■ **WORK REQUEST**
Starting from the line with "Cover photo for", transcribe each line to the end of the records below. Copy them exactly and write nothing else.
** Opening SUPPLIED INFORMATION block **
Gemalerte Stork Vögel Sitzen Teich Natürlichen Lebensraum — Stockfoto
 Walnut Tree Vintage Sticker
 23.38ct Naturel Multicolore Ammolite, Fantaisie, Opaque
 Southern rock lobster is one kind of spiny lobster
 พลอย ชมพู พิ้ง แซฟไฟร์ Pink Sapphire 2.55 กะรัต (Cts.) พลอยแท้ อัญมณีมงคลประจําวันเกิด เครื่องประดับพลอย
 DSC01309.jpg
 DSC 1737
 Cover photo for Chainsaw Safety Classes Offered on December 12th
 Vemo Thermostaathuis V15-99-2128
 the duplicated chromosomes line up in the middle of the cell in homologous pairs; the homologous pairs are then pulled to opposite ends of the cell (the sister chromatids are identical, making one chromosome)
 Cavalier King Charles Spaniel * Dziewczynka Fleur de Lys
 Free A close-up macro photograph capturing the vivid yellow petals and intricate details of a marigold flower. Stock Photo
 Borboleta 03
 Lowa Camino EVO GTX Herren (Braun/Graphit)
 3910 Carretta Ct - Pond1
** Closing SUPPLIED INFORMATION block **
■ **ANSWER FOR THIS EXERCISE**
 Cover photo for Chainsaw Safety Classes Offered on December 12th
 Vemo Thermostaathuis V15-99-2128
 the duplicated chromosomes line up in the middle of the cell in homologous pairs; the homologous pairs are then pulled to opposite ends of the cell (the sister chromatids are identical, making one chromosome)
 Cavalier King Charles Spaniel * Dziewczynka Fleur de Lys
 Free A close-up macro photograph capturing the vivid yellow petals and intricate details of a marigold flower. Stock Photo
 Borboleta 03
 Lowa Camino EVO GTX Herren (Braun/Graphit)
 3910 Carretta Ct - Pond1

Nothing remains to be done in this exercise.